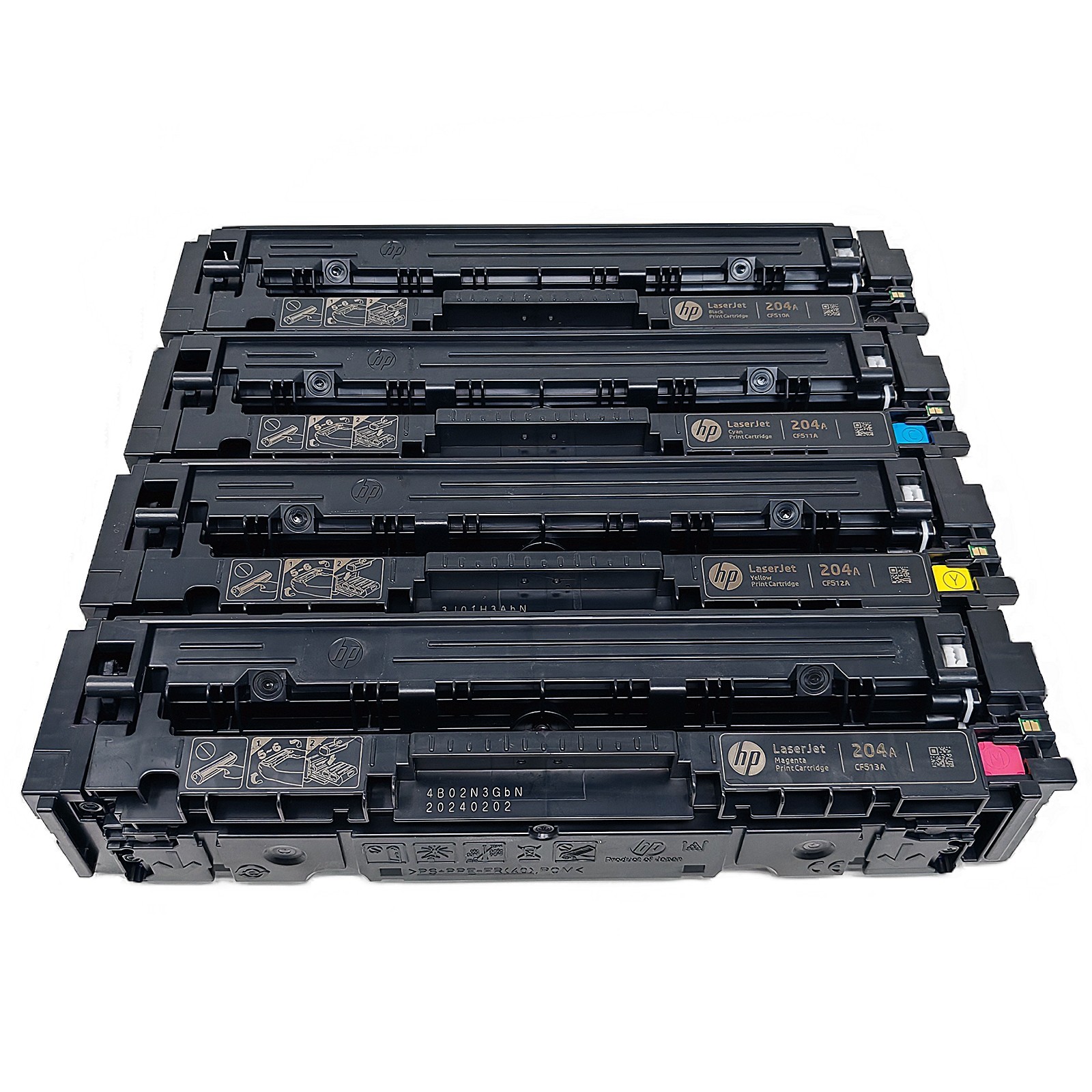 4 Genuine HP 204A CF510A-CF513A Toner for LaserJet M154nw MFP M180n/M180nw 181fw 4 Genuine HP 204A CF510A-CF513A Toner for LaserJet M154nw MFP M180n/M180nw 181fw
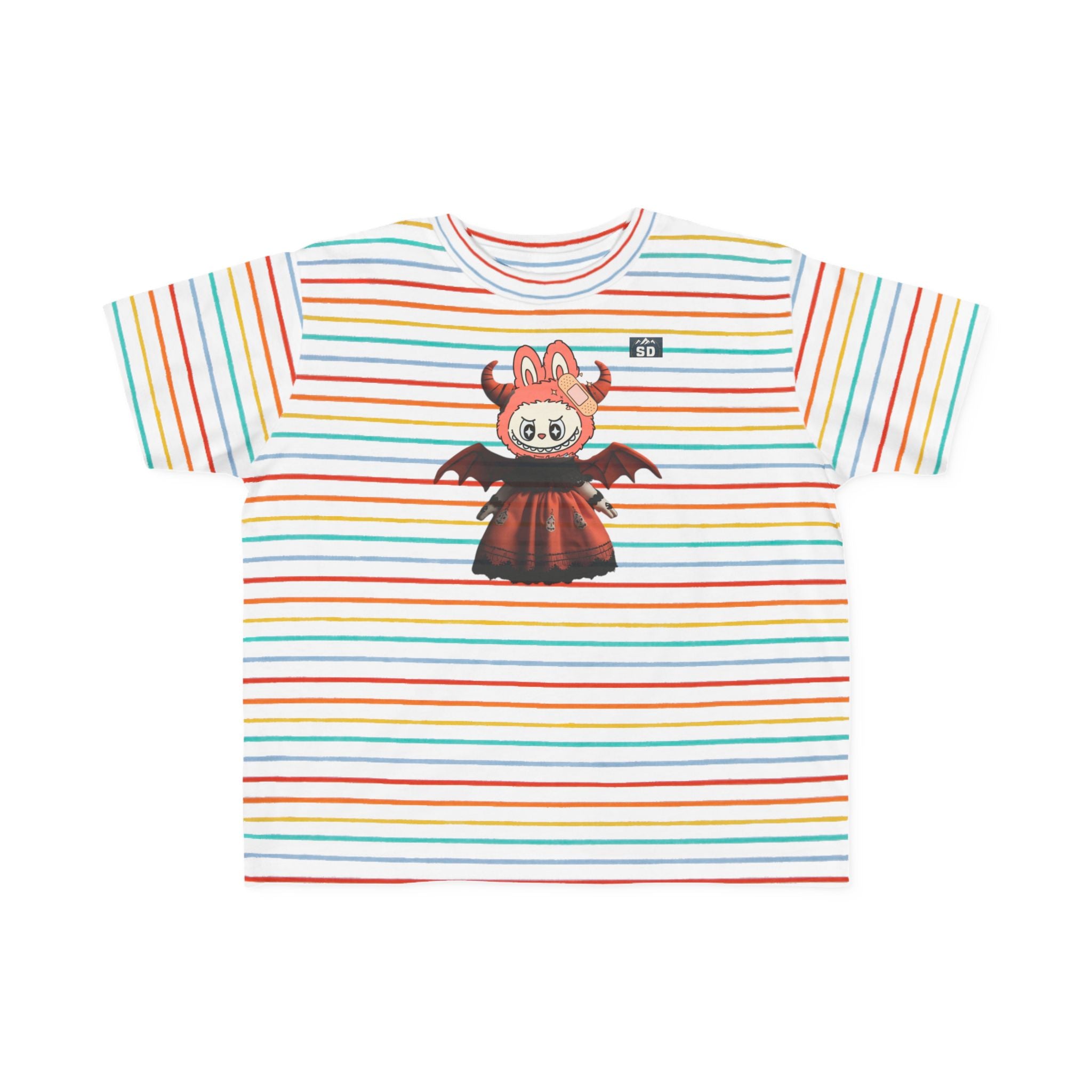 Halloween Toddler Tee with Pazuzu Labubu Toy Design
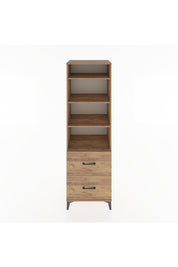 Hyperion Dolap 4 Raflı 2 Çekmeceli 60x44x195 - S59M021V9B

#####

YOUR ASSIGNMENT: Your task is to retype exactly, and only, the lines from the one that holds "Halloween Toddler Tee" through the end of the listing, both end lines included, without any pictures.

SOLUTION TO THIS PROBLEM:
 Halloween Toddler Tee with Pazuzu Labubu Toy Design
 Hyperion Dolap 4 Raflı 2 Çekmeceli 60x44x195 - S59M021V9B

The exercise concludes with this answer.